NEW YORK – An American student extradited from London on charges that he provided Al Qadea fighters with equipment to attack U.S. soldiers is an activist, not a terrorist, his lawyer said Tuesday after the man pleaded not guilty.
"These charges are unfounded," the lawyer, Sean Maher, told reporters.
Syed Hashmi, a 27-year-old former New York resident, was the first terrorism suspect extradited to the United States by British authorities. He arrived shortly before midnight Friday to face a May 2006 indictment.
On Tuesday, Hashmi smiled at a dozen family members and friends as he was led out of the courtroom. He will be detained pending a bail hearing scheduled for Friday.
"He is not a terrorist. He is an academic. He's been a political activist," his lawyer said.
Maher said Hashmi has been outspoken at rallies, mostly in the United States, about his views opposing some U.S. policies, though he would not be more specific.

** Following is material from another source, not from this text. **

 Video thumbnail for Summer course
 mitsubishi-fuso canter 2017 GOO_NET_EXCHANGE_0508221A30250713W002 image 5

Prosecutors accuse Hashmi, who was born in Pakistan and is also known as "Fahad," of supplying unspecified equipment for Al Qadea "to fight against United States forces in Afghanistan."

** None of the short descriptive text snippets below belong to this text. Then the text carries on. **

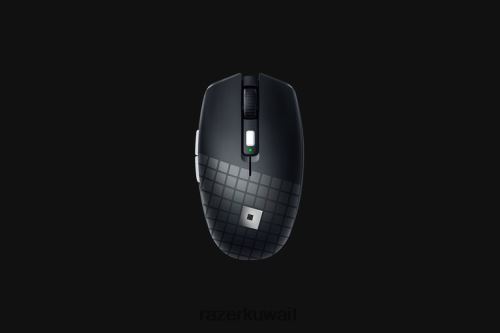 الفئران Razer أوروتشي v2 - طبعة roblox لون واحد 86D68654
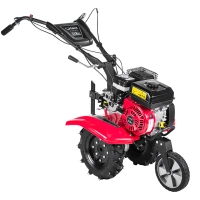 GLEBOGRYZARKA SPALINOWA CEDRUS GL05 RATO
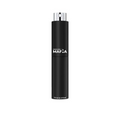 Aventus by Creed  for Men EDP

Maher said he had not seen the government's evidence but believed the equipment was "glorified camping equipment" including sleeping bags and goggles.
Before Hashmi was arrested June 6 as he boarded a flight to Pakistan at Heathrow Airport, he had lived in Britain for three years. He opposed extradition, but the British High Court ruled against him in March.
If convicted, he could face up to 50 years in prison. Among charges in the three-count indictment was the top count of conspiring to contribute funds, goods or services to the terrorist group.
Law enforcement officials have said Hashmi was associated with another Queens man, Mohammed Junaid Babar, who pleaded guilty in August 2004 to smuggling night-vision goggles, money and military supplies to an Al Qadea official establishing a "jihad training camp" in Pakistan.
The Hashmi indictment mentioned the prior arrest of an unidentified co-conspirator, which Maher said he believed referred to Babar.